> DIRECTIONS FOR THIS TASK: Retype the data that follows exactly. No pictures belong in the copy.

> DATASET CONTENT:
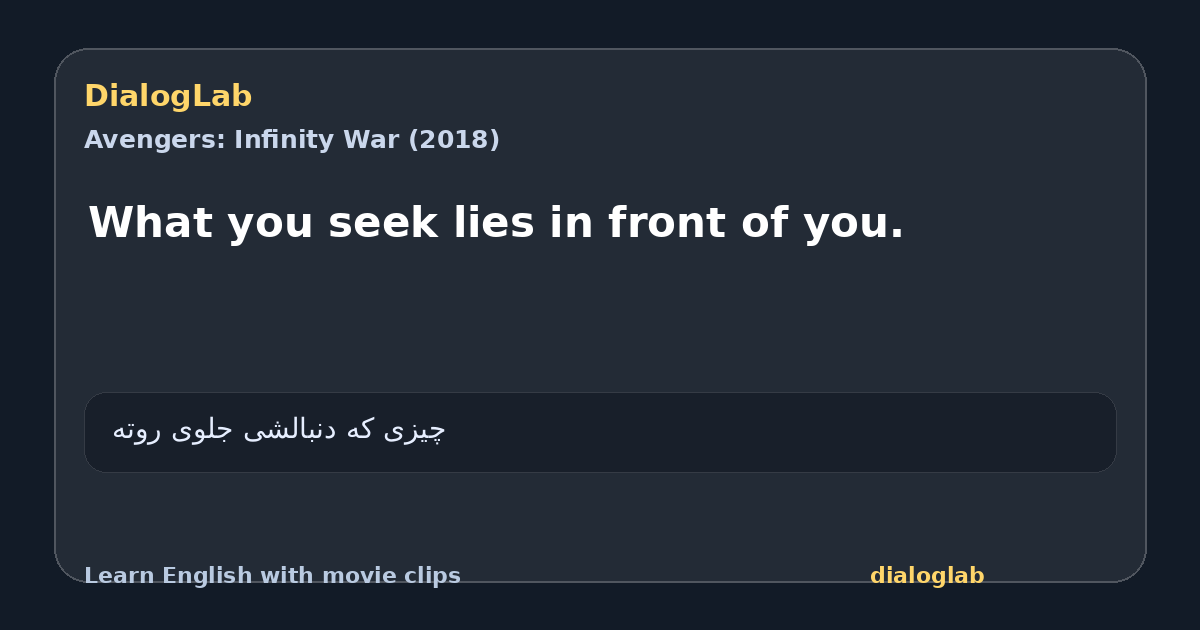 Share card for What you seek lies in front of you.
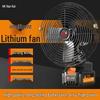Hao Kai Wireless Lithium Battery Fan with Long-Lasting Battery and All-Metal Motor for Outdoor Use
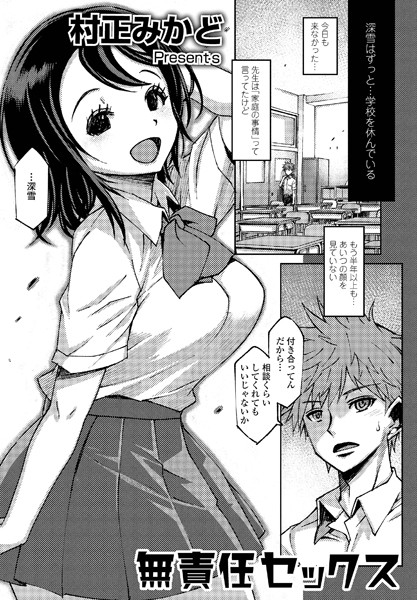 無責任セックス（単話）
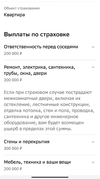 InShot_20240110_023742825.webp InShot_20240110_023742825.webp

> ANSWER FOR THIS EXERCISE:
 Share card for What you seek lies in front of you.
Hao Kai Wireless Lithium Battery Fan with Long-Lasting Battery and All-Metal Motor for Outdoor Use
 無責任セックス（単話）
 InShot_20240110_023742825.webp InShot_20240110_023742825.webp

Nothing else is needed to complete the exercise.